======== Study material ========
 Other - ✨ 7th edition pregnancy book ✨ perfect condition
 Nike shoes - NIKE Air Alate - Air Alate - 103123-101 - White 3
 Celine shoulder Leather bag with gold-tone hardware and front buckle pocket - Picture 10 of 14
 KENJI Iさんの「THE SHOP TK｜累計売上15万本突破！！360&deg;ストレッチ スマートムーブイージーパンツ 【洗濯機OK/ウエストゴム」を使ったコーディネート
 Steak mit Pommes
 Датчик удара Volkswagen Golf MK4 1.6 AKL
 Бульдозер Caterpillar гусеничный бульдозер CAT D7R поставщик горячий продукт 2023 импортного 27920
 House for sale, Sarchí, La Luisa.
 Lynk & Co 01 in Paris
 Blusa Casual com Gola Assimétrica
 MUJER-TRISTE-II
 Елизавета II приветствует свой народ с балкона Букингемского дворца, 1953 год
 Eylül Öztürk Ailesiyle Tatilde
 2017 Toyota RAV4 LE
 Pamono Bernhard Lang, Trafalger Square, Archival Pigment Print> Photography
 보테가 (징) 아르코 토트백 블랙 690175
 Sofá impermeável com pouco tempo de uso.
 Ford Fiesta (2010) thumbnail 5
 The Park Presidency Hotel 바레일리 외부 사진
========
§ Work instruction
Every record listed above should be reproduced exactly.

§ Response below
 Other - ✨ 7th edition pregnancy book ✨ perfect condition
 Nike shoes - NIKE Air Alate - Air Alate - 103123-101 - White 3
 Celine shoulder Leather bag with gold-tone hardware and front buckle pocket - Picture 10 of 14
 KENJI Iさんの「THE SHOP TK｜累計売上15万本突破！！360&deg;ストレッチ スマートムーブイージーパンツ 【洗濯機OK/ウエストゴム」を使ったコーディネート
 Steak mit Pommes
 Датчик удара Volkswagen Golf MK4 1.6 AKL
 Бульдозер Caterpillar гусеничный бульдозер CAT D7R поставщик горячий продукт 2023 импортного 27920
 House for sale, Sarchí, La Luisa.
 Lynk & Co 01 in Paris
 Blusa Casual com Gola Assimétrica
 MUJER-TRISTE-II
 Елизавета II приветствует свой народ с балкона Букингемского дворца, 1953 год
 Eylül Öztürk Ailesiyle Tatilde
 2017 Toyota RAV4 LE
 Pamono Bernhard Lang, Trafalger Square, Archival Pigment Print> Photography
 보테가 (징) 아르코 토트백 블랙 690175
 Sofá impermeável com pouco tempo de uso.
 Ford Fiesta (2010) thumbnail 5
 The Park Presidency Hotel 바레일리 외부 사진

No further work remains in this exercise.